The technical scheme adopted by the invention for solving the technical problems is as follows:
a method of constructing a cerebrovascular map, the method comprising the steps of:
the method comprises the following steps: data preprocessing and label labeling, the process is as follows:
firstly, denoising MRA data, then performing a head bone removing operation by using a BET tool in FSL, labeling label to the processed data, and finally dividing a training set and a test set according to the number of data;
step two: the image data segmentation image block patch comprises the following steps:
selecting patch size and stride to segment the data due to overlarge three-dimensional MRA data; then selecting the patch with more vessel voxel ratios in the patch as main training data to be input into the network;
step three: network model, training and prediction, the process is as follows:
inputting the obtained data set into a network model for training, obtaining the weight after the model is stabilized according to a statistical result, and finally inputting the data set to obtain a prediction result;
step four: and (3) carrying out registration mapping on the cerebrovascular atlas cluster and the new sample, wherein the process is as follows:
based on the obtained cerebrovascular prediction result, a cerebrovascular atlas is constructed, a new MRA vascular data can obtain a segmentation result only through coordinate conversion with the atlas, and the creation of the atlas and the registration of a new sample both need to map a plurality of data sets to a common coordinate system through registration to carry out initial alignment or standardization of the cerebrovascular.

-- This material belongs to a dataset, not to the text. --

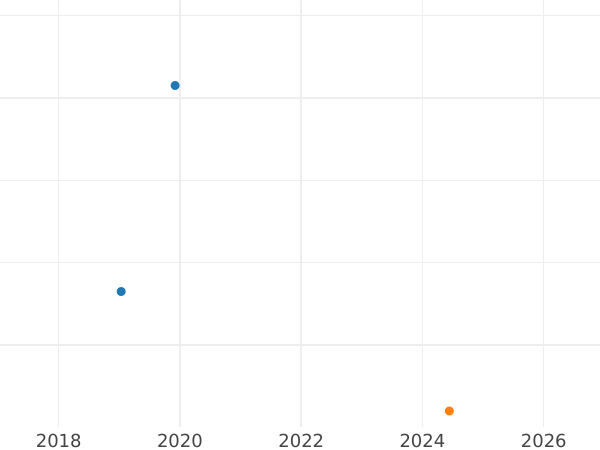 Auction sales chart 6 Kreuzer 1842 - Silver Coin Value - Hesse-Darmstadt, Louis II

Further, in the second step, the segmenting the image block of the image data includes the following steps:
2.1 selecting proper patch size and stride to obtain the patch
Selecting the size of the patch size according to the size of the original data set, wherein the size can be 32 multiplied by 32, 64 multiplied by 64, 96 multiplied by 96, 128 multiplied by 128, and stride can be 8, 16, 24, 48, and the like, performing heuristic test, and selecting proper patch size and stride according to the upper limit of hardware computing power and the network convergence rate through the evaluation of a model;
2.2 finding the blood vessel density in patch
Performing statistical calculation on all the patches obtained in the last step, calculating the density of blood vessels in each patch, and searching the patches with the highest density as the centers of blood vessel regions;
2.3 Density-based gradient Screen Patch
After obtaining a plurality of centers of the blood vessel region, taking the central point as a starting point, and taking the gradient descending direction of the blood vessel density as a path screening patch, and stopping calculating until meeting a data boundary or reaching a lower threshold of the density or meeting a screening path from other central points; the lower threshold can be selected by calculation according to the resolution capability of the network and the accuracy requirement of data, and the condition that a large number of patches contain no blood vessels or are few in proportion is eliminated as much as possible.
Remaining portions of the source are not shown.